Recently, I engaged in a three-hour marathon conversation with a dear friend. It’s something we’ve been known to do when we haven’t connected for awhile. We’re both writers who’ve been dealing with some very similar issues surrounding health and family. So we talked. And talked. And talked.
We caught up on each other’s lives and commiserated about difficulties we’d encountered. We served as cheerleaders while lending an ear. We gave each other a much needed kick in the pants on issues we’d been hesitant to tackle.
Shortly after we ended our call (because both our cell phone batteries were threatening to go on strike) she sent me an email entitled “They Teach It at Stanford.” I’m not a fan of emails floating around on the internet and I rarely ever share them. But this one struck home, because I’ve experienced the benefits it discusses, that of having great girlfriends. So while I can’t vouch for the source of the email article, I can with supreme confidence tell you that truth is at its core: Girlfriends are good for your health.
I bookmarked the email because it had a message I felt needed to be shared. Not just with a few friends on my email list, but with women everywhere. A few weeks passed and I’d forgotten about it.
Then this past weekend I traveled to Atlanta to spend some time with six women I’ve known since elementary school, but only recently reconnected with a couple years ago. This was our second annual reunion since that time. Despite the insufferable heat (during which we attended an outdoor concert) we had an amazing weekend filled with fun, laughter, support and encouragement. We packed about as much activity as a group of 40+-year-old women can in a single weekend without an IV and a shot of adrenaline.

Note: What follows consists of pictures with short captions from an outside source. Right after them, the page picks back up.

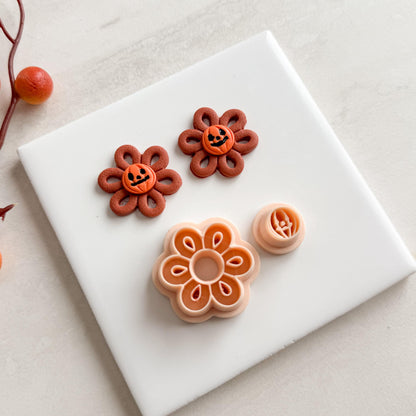 2025 Floral Pumpkin Clay Cutter | Jack-o’-Lantern Floral Cutout Polymer Clay Cutter for Fall Earrings and Halloween Crafts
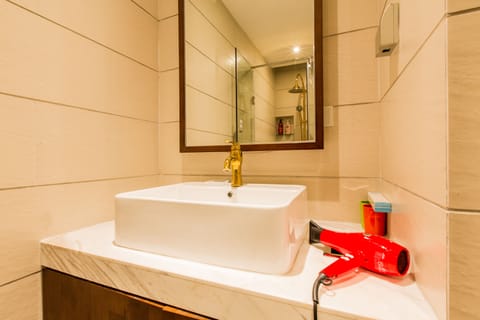 Premier Room, 1 King Bed, Non Smoking | Bathroom | Shower, rainfall showerhead, designer toiletries, hair dryer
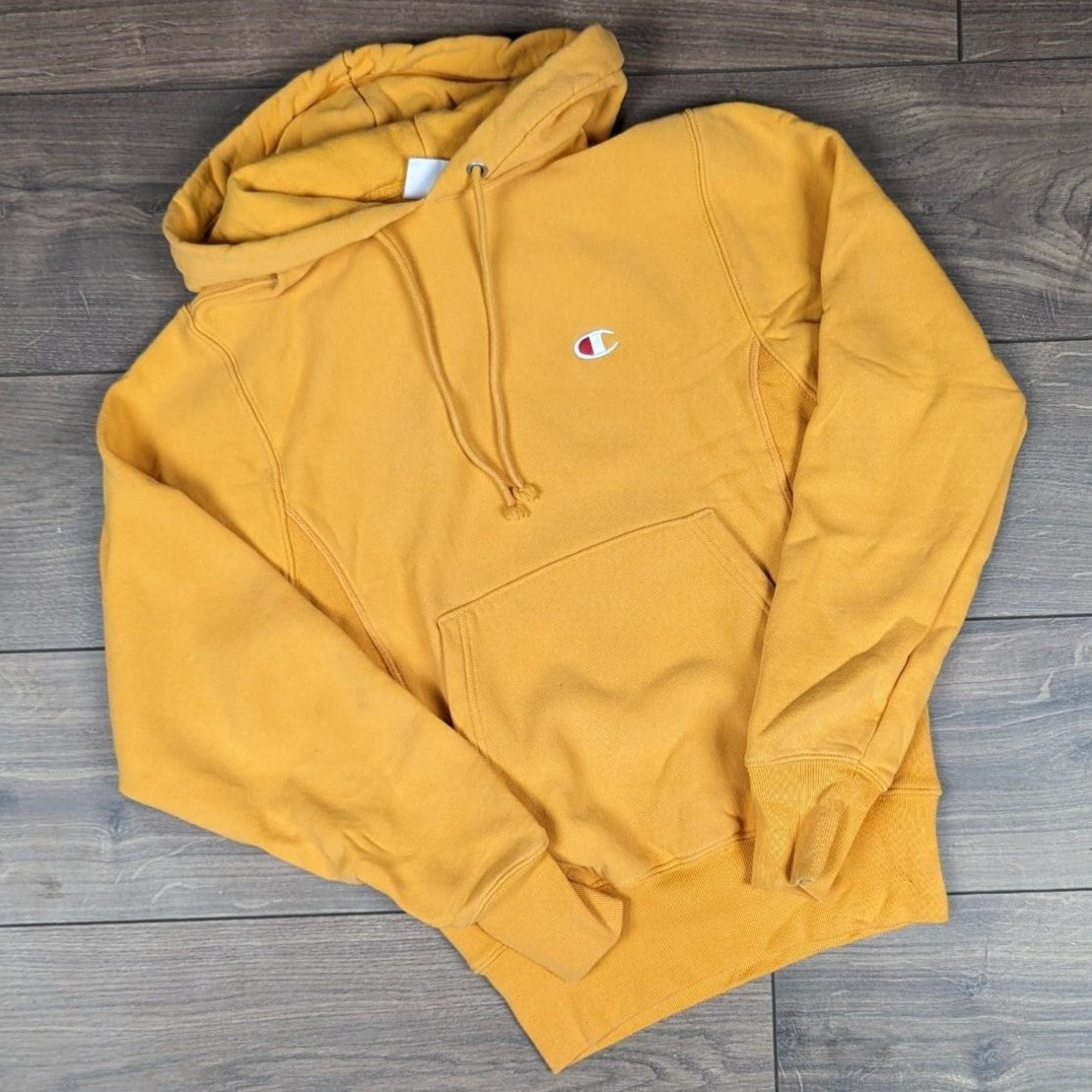 Champion Yellow Reverse Weave Embroidered Logo Hoodie Men's XS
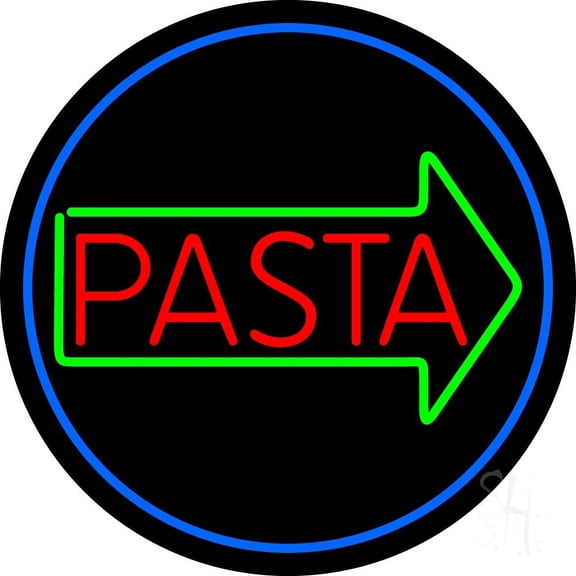 Red Pasta With Arrow LED Neon Sign 18 x 18 - inches, Clear Edge Cut Acrylic Backing, with Dimmer - Bright and Premium built indoor LED Neon Sign for restaurant window and interior decor.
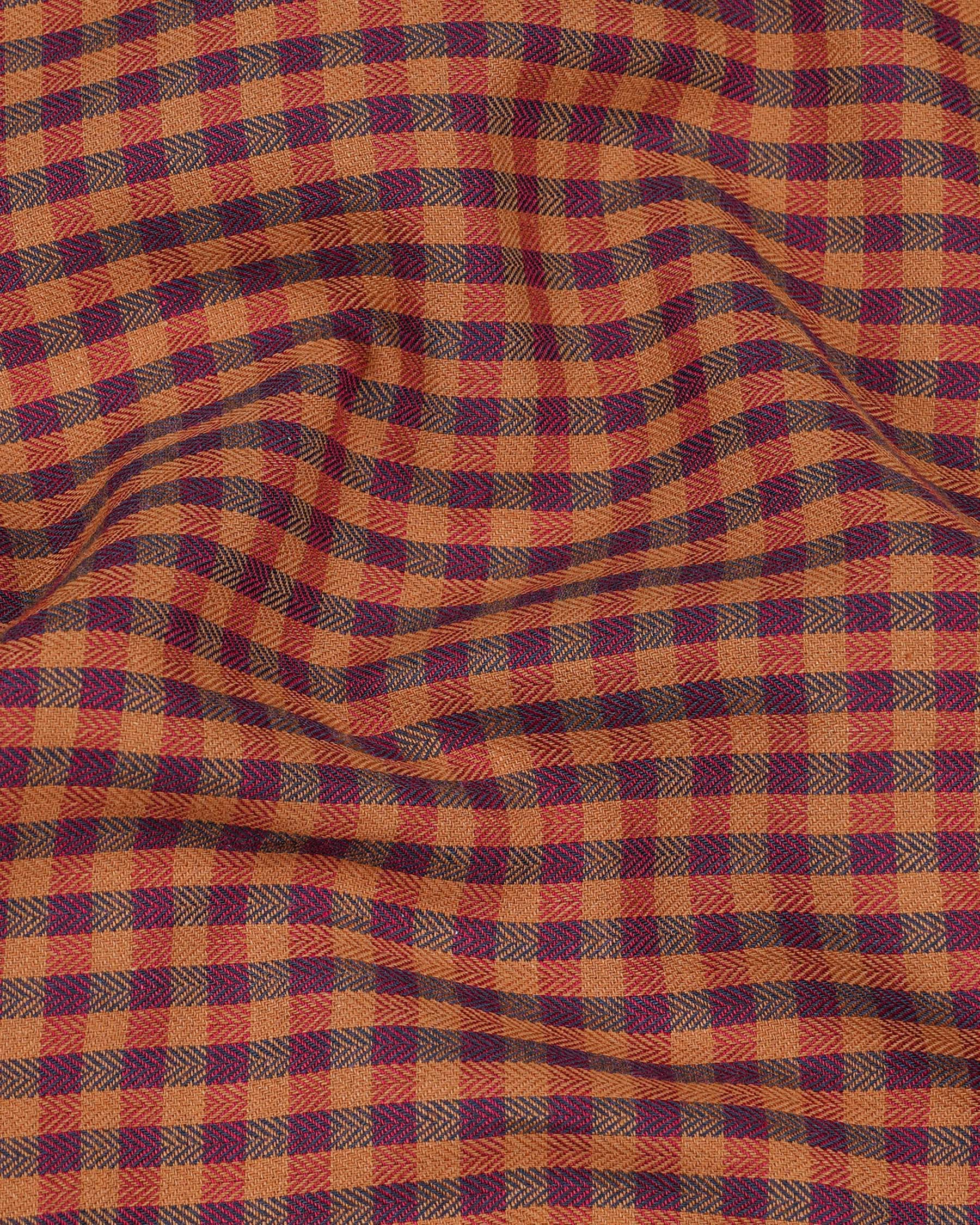 Raw Sienna Brown Gingham Herringbone Shirt 7577-38, 7577-H-38, 7577-39, 7577-H-39, 7577-40, 7577-H-40, 7577-42, 7577-H-42, 7577-44, 7577-H-44, 7577-46, 7577-H-46, 7577-48, 7577-H-48, 7577-50, 7577-H-50, 7577-52, 7577-H-52
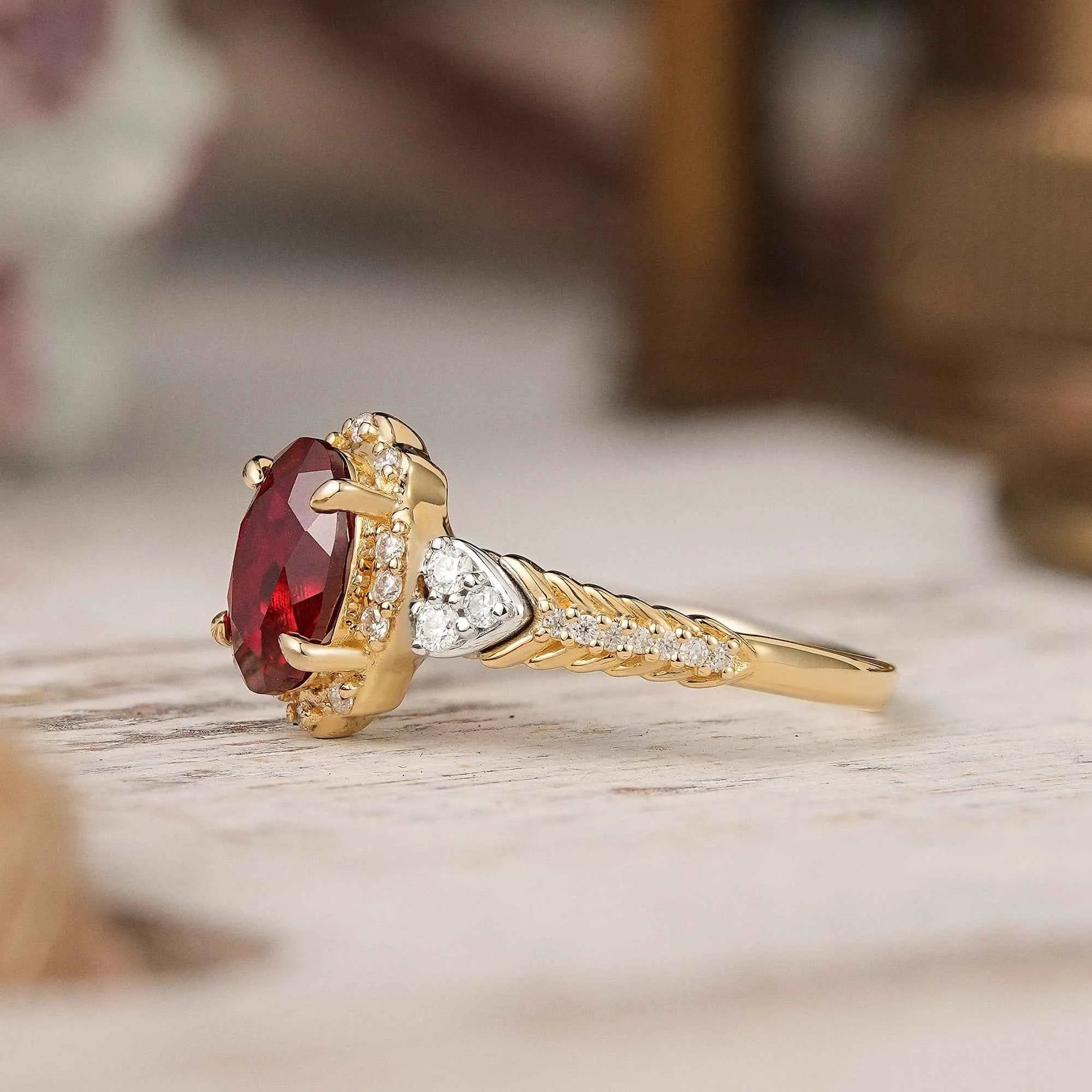Oval Cut Ruby Halo Vintage Inspired Engagement Ring - GemsMagic
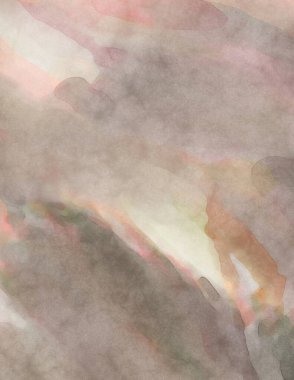 Alkol mürekkebini andıran rahatlatıcı fırça darbelerinin modern resmi. Poster, duvar sanatı, afiş, kart, kitap kapağı veya ambalaj için pastel renkli suluboya resim.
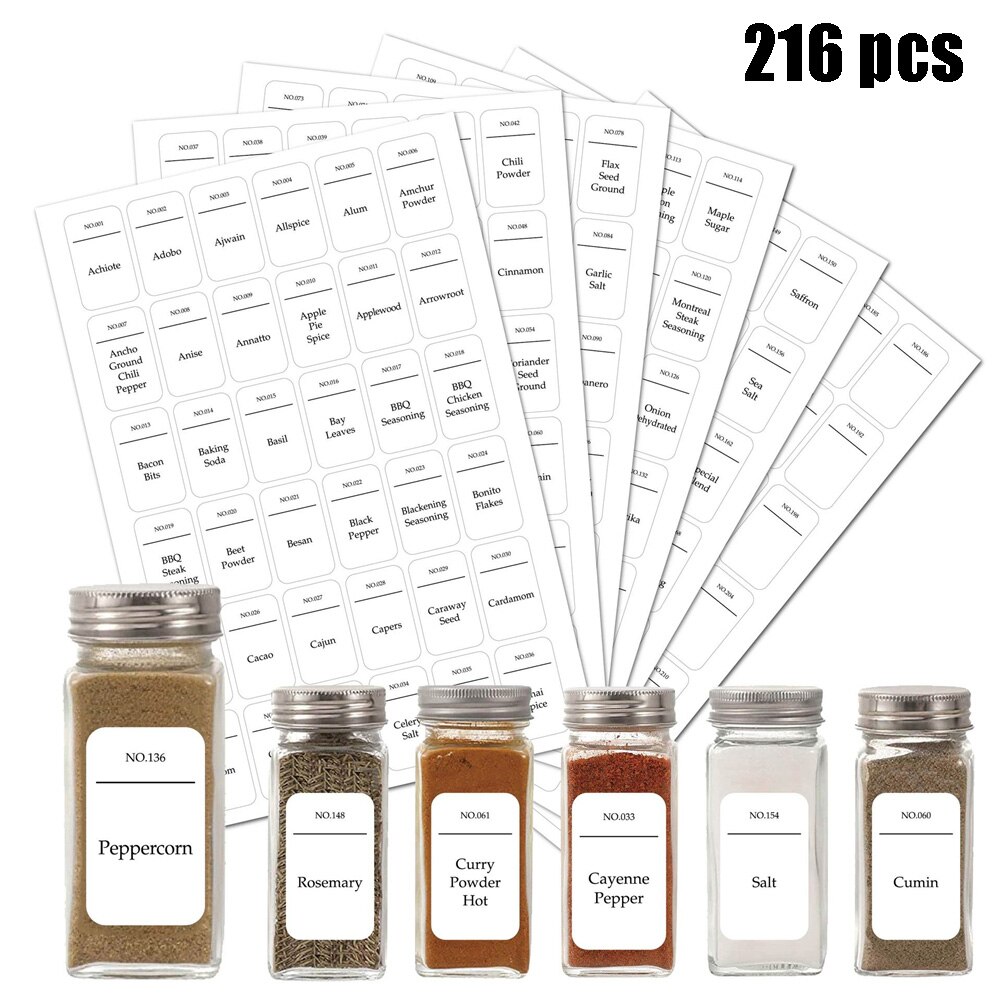 144/216/274Pcs Kitchen Labels Stickers For Ingredients Spice Jars Bottle Container Food Clear Items Mark On Can Storgae Box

When I returned home, practically glowing from the positive energy and joy experienced over the weekend, I needed to write a blog post for All Things Girl. The topic for this post was quite obvious. It was time to share the message of that email. Girlfriends are good for your health.
Before I share the email, the origins of which are uncertain, let’s review some hard, cold, scientific facts surrounding this issue. The Nurses’ Health Study conducted at Harvard Medical School showed that women with a large circle of friends were more likely to live a joyful life and less likely to develop health issues as they aged. The benefits of women friendships were so significant that it led the researchers to conclude that not having close friends or confidants was as detrimental to your health as smoking or carrying extra weight.
The article Friendships: Enrich Your Life and Improve Your Health on the MayoClinic.com tells us, “Good friends are good for your health. Friends can help you celebrate good times and provide support during bad times. Friends prevent loneliness and give you a chance to offer needed companionship, too.” It goes on to share a list of specific benefits derived from good friendships.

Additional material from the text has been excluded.